Let’s start with what we affectionately call “re-districting.” Every decade, states go through a process of their own choosing to re-draw state and federal legislative districts. Because Pennsylvania is losing population, the Commonwealth’s congressional delegation will shrink from 18 to 17 congresspersons. This means legislative leaders will have to merge two seats. No easy task. A few weeks ago, preliminary maps were released by the House. The maps must go through the entire legislative process, and the governor must sign-off unless there are votes for an override. There could be legal challenges depending on the outcome of the legislative process and how contentious the talks will be. Regardless, the timeline is extremely tight, as session days are short, and candidates begin circulating petitions in mid-February. If you are interested in reviewing or commenting on the congressional maps, you can go to www.paredistricting.com.
Next, we all know the impact the governor’s executive orders had on the construction industry, and all industries. Republican leaders have been clear that they do not want the same chaos that ensued over the last two years to continue. The first remedy was the public’s approval of a constitutional amendment ending a governor’s emergency declaration after 21-days. This essentially ended the governor’s COVID-19 executive order. Despite the new rule, the administration has been releasing orders and mandates through the agencies, which are enforceable until a legal challenge is successful. In addition, the Department of Environmental Protection could be implementing a carbon tax program – which ABC opposes – sometime next year. This program was initiated through the regulatory process without legislative approval. The legislature passed multiple disapproval resolutions via a bipartisan vote; however, those resolutions were vetoed and continue to be opposed by the governor. Returning to election issues, Republican leaders have been frustrated that the governor has vetoed and opposes various election reform bills proposed by the legislature.
This back-and-forth has led to the legislature, largely along partisan lines, to move another constitutional amendment bill that would:
- End an executive order or proclamation that purports to have the force of law after 21 days, unless extended by concurrent resolution of the General Assembly.
- End the practice of presenting a disapproval resolution of a regulation to the governor.
- Require voters to provide valid identification to vote.

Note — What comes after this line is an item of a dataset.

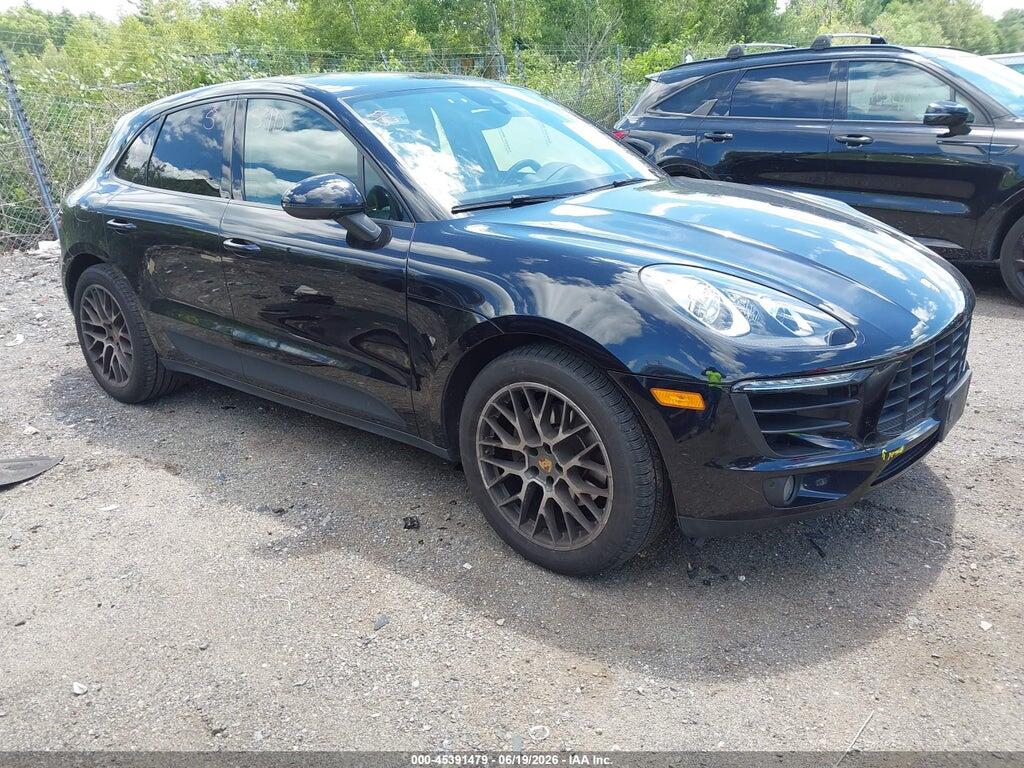 WP1AA2A54JLB19059 2018 PORSCHE MACAN photo no. 1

- Require the Auditor General to ensure the accuracy of the list of registered voters, the administration of voter registration, and election results.
- Allow gubernatorial candidates to select their own running mate.

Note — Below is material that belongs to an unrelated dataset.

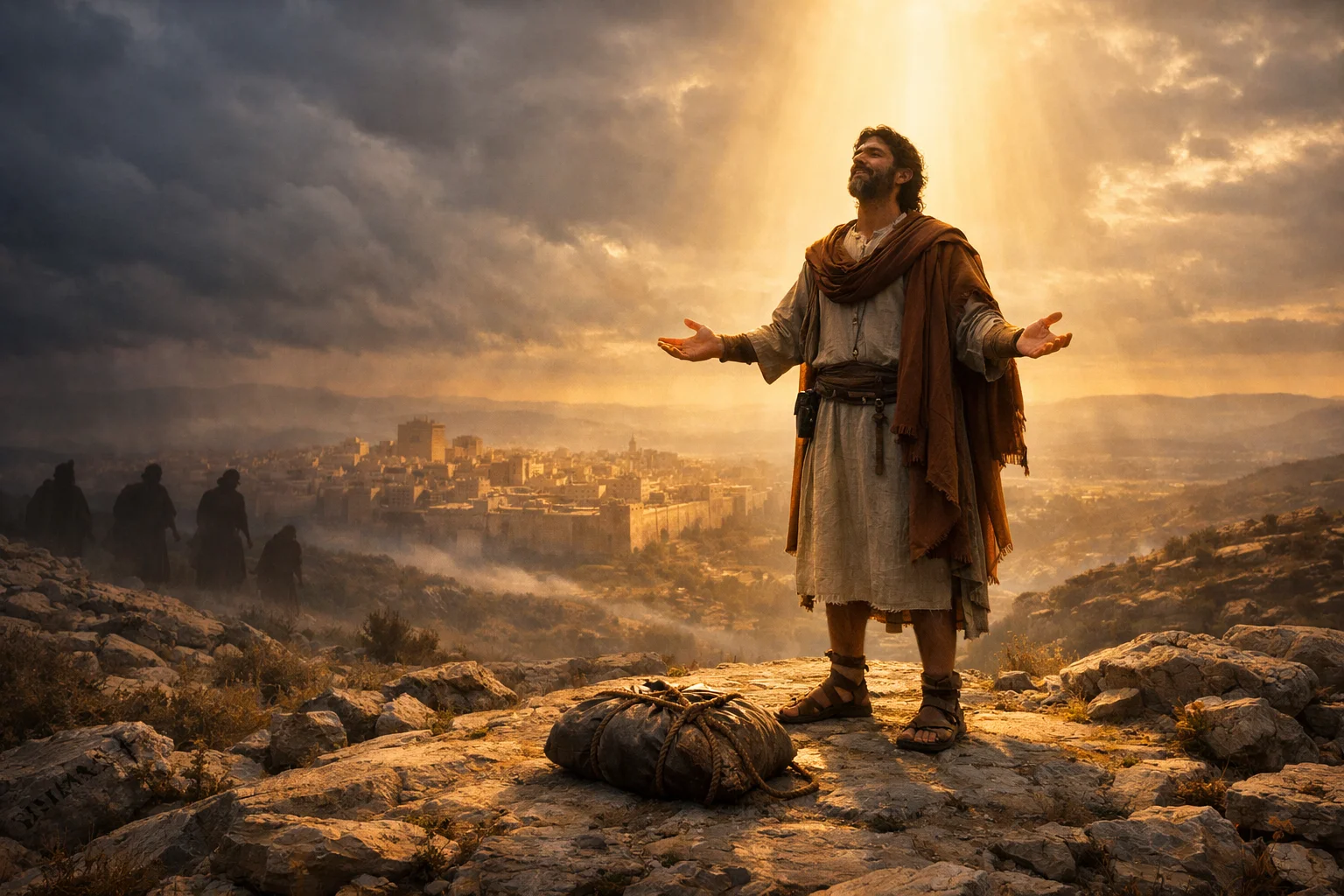 Casting Cares on the Lord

This proposed amendment has a long way to go, as the same bill must pass in two consecutive sessions. (The earliest it could go to the voters would be 2023.)
As we enter the “silly season,” ABC will strive to provide as many opportunities as possible for you to meet with candidates and ask questions. In addition, there are many ways for you to financial contribute to ABC’s political action accounts. You can go to https://abckeystone.org/advocacy-political-action/#national for more information on ways to contribute.
Here’s to a successful, prosperous, and entertaining New Year.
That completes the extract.